Please copy exactly the line that contains "This video examines" and every line after it through the end of the records, leaving the pictures out.

Extracted records: Begin

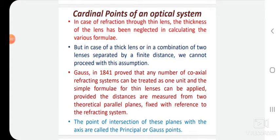Good evening students, welcome back to our BAC Secondary class. In the last lecture, we discussed some basic concepts like mirrors — concave mirror, plane mirror — concave lens, convex lens, and some basic aspects of geometrical optics.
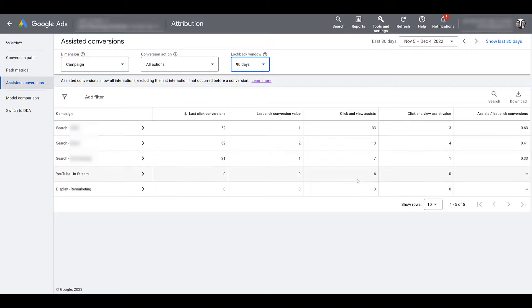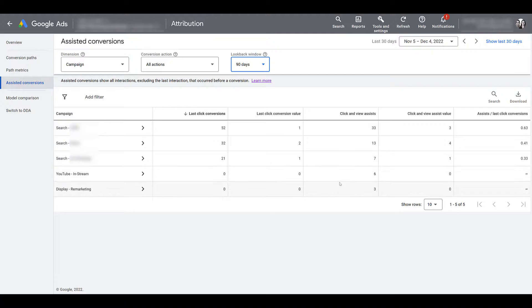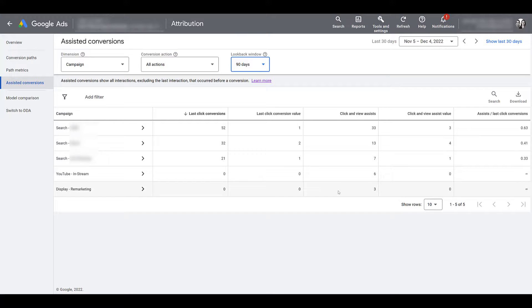So while the YouTube and display campaigns didn't see any last conversions within the past 30 days, they did see nine total click and view assist conversions within the past 30 days. And those interactions came within the past 90 days because this account isn't something like buying $10 sunglasses. This is spending thousands of dollars for a training program. It's not something you buy right away or potentially buy immediately off of seeing one video ad or clicking on one display ad.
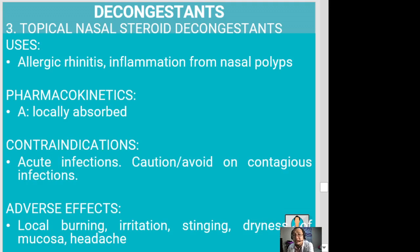If no effects are seen after three weeks, you can discontinue and report to your prescriber. Rebound congestion may also result if a patient overuses nasal decongestant spray — this is rebound vasodilation of the nasal mucosa, causing nasal passages to become congested again. Uses include allergic rhinitis and inflammation from nasal polyps. Adverse effects include local burning, stinging, irritation, dryness of mucosa, and headache.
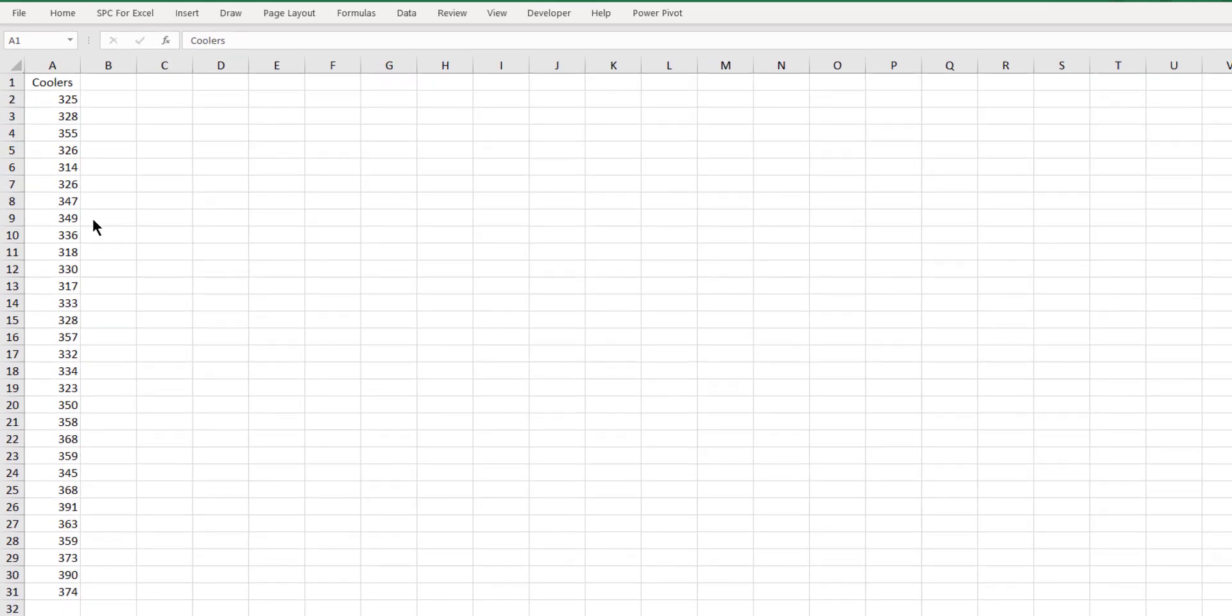This video examines how time series analysis is used in the SPC for Excel software. You begin like you do many times with the SPC for Excel software. You enter your data into an Excel spreadsheet.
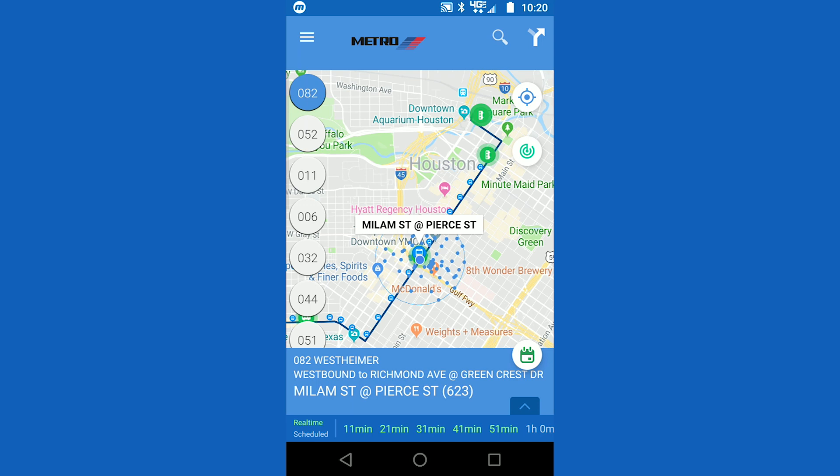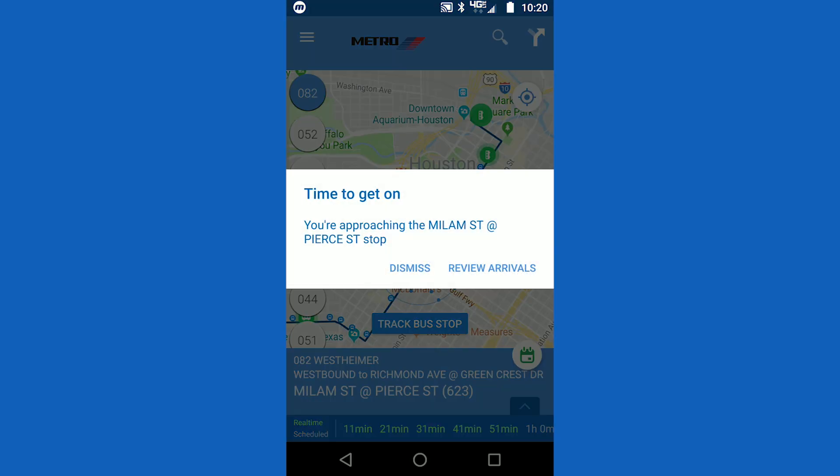When you are approximately one third of a block away from the stop, you will start to feel pulse vibrations. These vibrations will intensify the closer you walk to the stop. A notification and alarm vibration will occur when you have reached your stop.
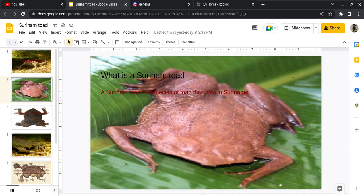What is a Surinam Toad? A Surinam Toad is a species of toad that lives in Suriname. Also, sorry if I'm butchering any of the names.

Extracted records: End

» **Answer**:
This video examines how time series analysis is used in the SPC for Excel software. You begin like you do many times with the SPC for Excel software. You enter your data into an Excel spreadsheet.
When you are approximately one third of a block away from the stop, you will start to feel pulse vibrations. These vibrations will intensify the closer you walk to the stop. A notification and alarm vibration will occur when you have reached your stop.
What is a Surinam Toad? A Surinam Toad is a species of toad that lives in Suriname. Also, sorry if I'm butchering any of the names.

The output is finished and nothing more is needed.